Elève des jansénistes dont la vision tragique de l'existence marquera son oeuvre, Jean Racine connaît la gloire pendant une décennie intense.
Dans l'univers racinien règnent cruauté et folie: les couples se déchirent, les parents sacrifient leurs enfants à leurs passions, les frères s'entre-tuent, etc. Les personnages sont mus par le désir et écartelés par une contradiction insoluble, morale et raison d'une part, ardeur et pulsions de l'autre. La seule échappatoire est l'absolue solitude ou le plus souvent la mort. Le héros est entraîné dans une spirale inexorable, même s'il se débat jusqu'au bout contre un sort qu'il sait inéluctable. Racine reprend l'idée antique du "fatum" dans lequel les événements sont incompréhensibles, la justice illusoire et la destinée déjà scellée. Dans ce théâtre à la morale austère l'amour mène au désastre. Contrairement à Corneille qui relate la montée de l'héroïsme, Racine dépeint la chute des protagonistes dans une société où ils mettent leur pouvoir au service de leurs passions.

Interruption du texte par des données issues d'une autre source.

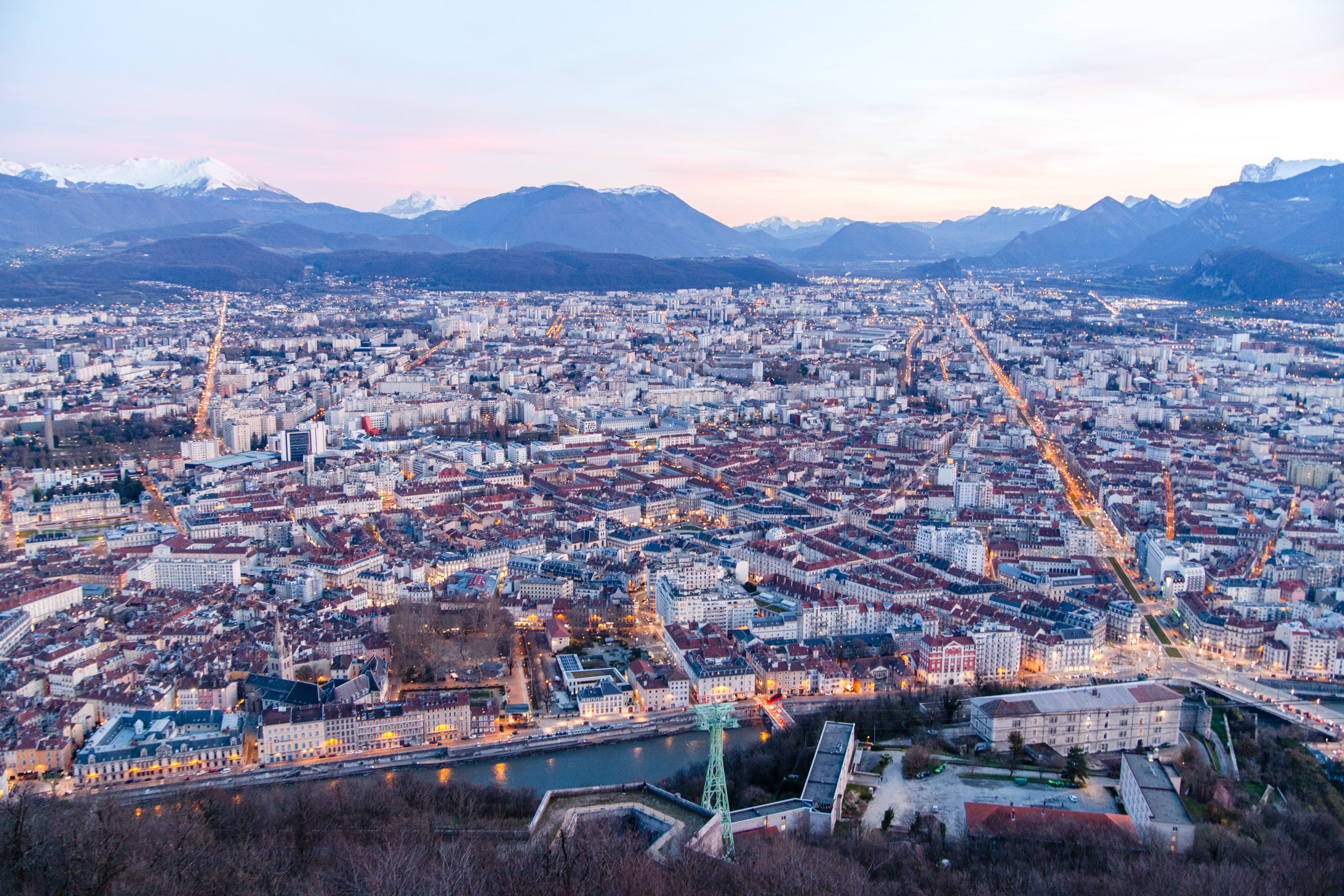 La Bastille Grenoble View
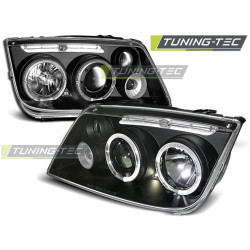 SVĚTLOMETY ANGEL EYES černý pro VW BORA 09.98-07.05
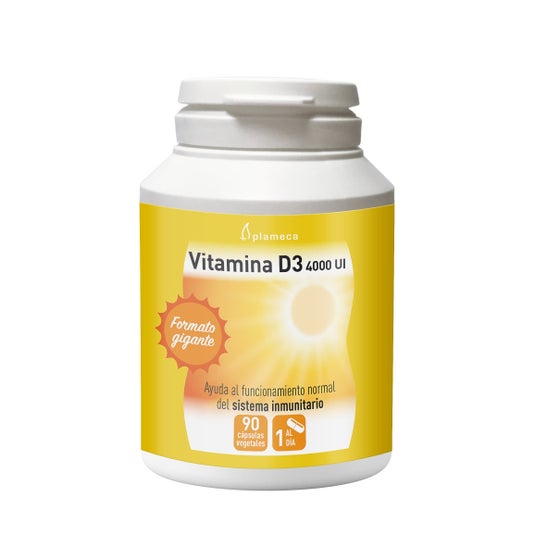 Plameca Vitamina D3 4000 Ui 90 Cápsulas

Ses pièces incarnent à la perfection les règles classiques, elles en sont même l'épure. L'unité de ton met en valeur l'essence tragique du texte et les unités de lieu, de temps et d'action en renforcent l'aspect dramatique: personnages pressés par les événements et condamnés à agir dans un huis-clos asphyxiant.

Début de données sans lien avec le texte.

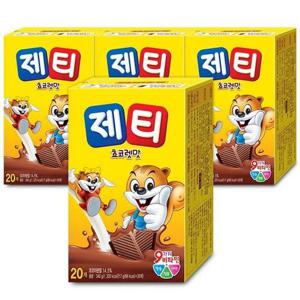 갤러리아_제티 쵸코렛맛 20Tx4개 총80T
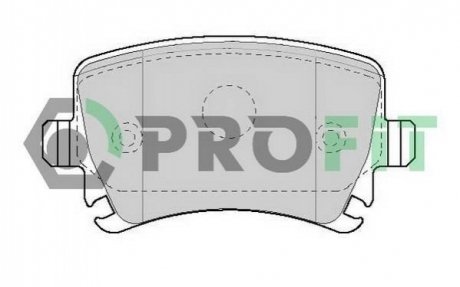 Дискові гальмівні колодки (задні) PROFIT 5000-1636 (фото 1)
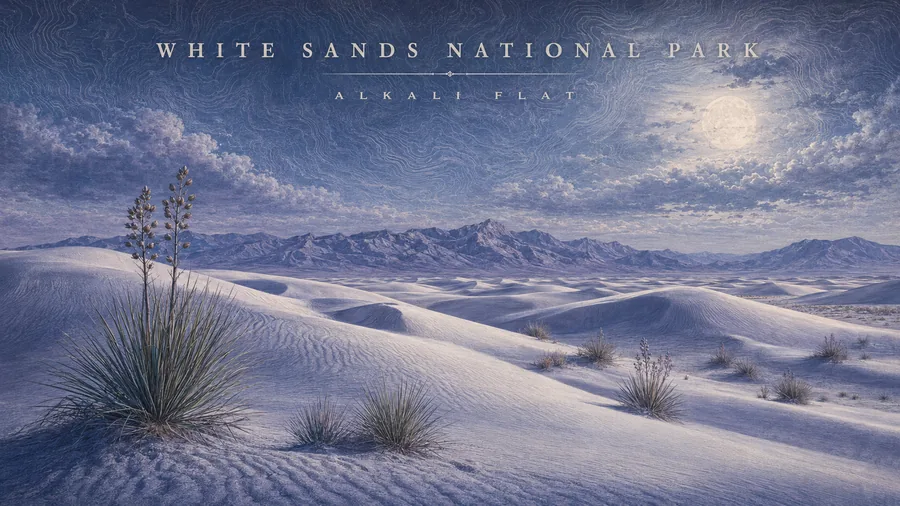 White Sands National Park poster art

Une autre force du drame racinien est la beauté du style. Les faits concrets se passant en coulisse, tout est rapporté par le discours. Le "chant racinien" fait appel à la clarté et au lyrisme. L'écriture joue sur la musicalité des phrases, le rythme du texte, la richesse des images. Racine crée un effet de "sourdine" pour atténuer l'horreur décrite en utilisant la périphrase, l'allusion, la métaphore, l'oxymore.